米国流資本主義を評して「強欲(greedy)」と呼ぶのが通り相場だったとしたら、この秋以降それは「倹約(frugality)」に取って代わられることだろう。

 S&P500株価指数構成銘柄企業のCEO(最高経営責任者)500人が2007年に受け取った年収の総額は、当年末邦貨に換算し約8000億円、1人当たりにすると16億円だった。平均値でこれだから、GS(ゴールドマン・サックス・グループ)会長兼CEOのロイド・ブランクファイン(54)ともなると60億円を軽く超す(米ナショナルセンターAFL-CIOのサイトを参照)。

500人の年収はラオスやニジェールのGDPを超える

 世界にはアジアのラオス、アフリカのブルキナファソやニジェールのように、一国のGDP(国内総生産)がこの500人の年収総額に達しない国がある。日本では総理大臣がホテルで飲食する程度のことまで言挙げされ、よく言えば平等、ありていに言ってやっかみを社会の編成原理とする風潮が強いけれども、米国の経営者が得てきたカネの額は、さすがに常識の範囲を逸脱していた。

 今後は米企業の業績が悪化することによる当然の帰結として、いかにも強欲の象徴となってきた経営者の高額所得に強い下向きの圧力がかかっていくに相違ない。

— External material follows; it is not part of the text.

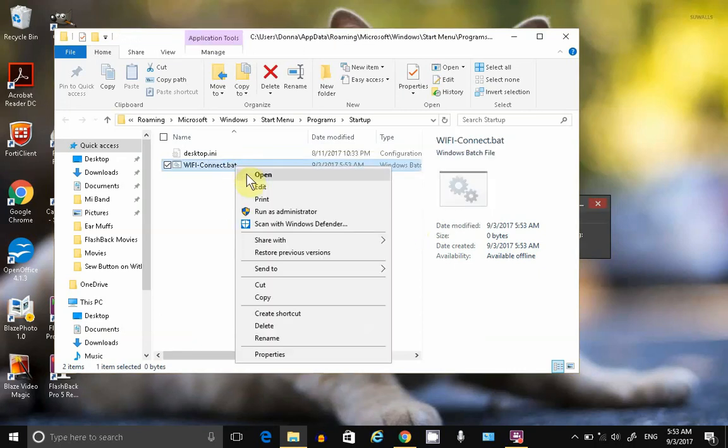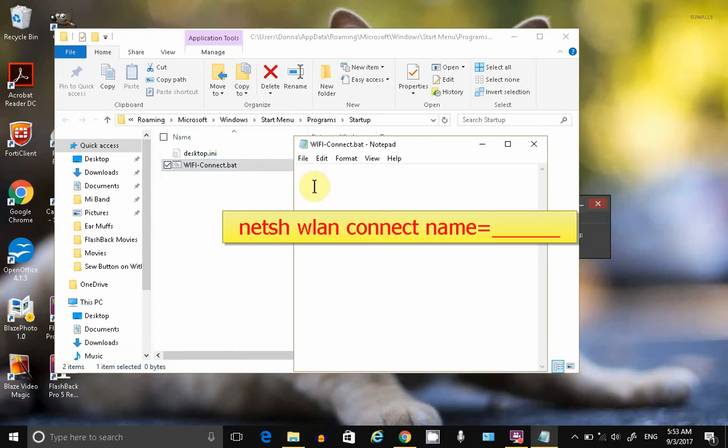Right-click, edit. Type this command here.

 英文新聞雑誌記事を網羅する世界最大級のデータベース(Factiva)を用いて過去1年を対象とし、「US」に掛けて「greedy」と「frugality」という言葉をそれぞれクロス検索してみると、前者の組み合わせでは1万3000件近い記事に当たる。それに対し後者が拾い上げる記事は1200本に満たない。

 この差は今後、急速に接近することだろう。米国のfat cat(高額収入を得る有力者)がスリムになり、USと掛けてfrugalityと解く時代が、どうやら来そうである。高額不動産の売れ行きには急ブレーキがかかり、ヨットや絵画のような高値の動産は処分される。老後資金を水泡に帰させたベビーブーマーたちこそは悲惨であって、削れる生活費はみな削ろうとするに違いない。米国に大恐慌以来80年ぶりで、耐乏を忍ぶ時代がやってくる。

 このことは、世界中の人々が抱いてきた米国観に深刻な修正を強いかねない。魔法が解けるような心理的効果すら、起こさないとは限らない。不況や停滞は米国の近過去になかったわけではないにしろ、今回米国を見舞うそれは(1)程度において全くもって未曾有、(2)CNNとYouTubeがある今は、イメージ伝播力の点で世界即座同時的、しかも(3)中国という新顔が日々実力を増しつつある点をも加味すると、米国をこの度襲う経済の逆境こそは、「米国頼むに足らず」の雰囲気を醸成させかねない。

 事実、中国を当てにしようとする心理は日増しに強くなっている。ゴードン・ブラウン英首相は、ついこの間までの不人気がどこへやら、いまや英国内外に高い評価を得ている。信用システムを維持したければ銀行への資本注入が避けられないと説き、果断に踏み切って世界の流れを主導したからで、同じことを言おうとして先を越された日本のお株を奪ったのみならず、指導者としての風格をにわかに増した感がある。そのブラウン氏が、このところさかんに中国の役割を強調する。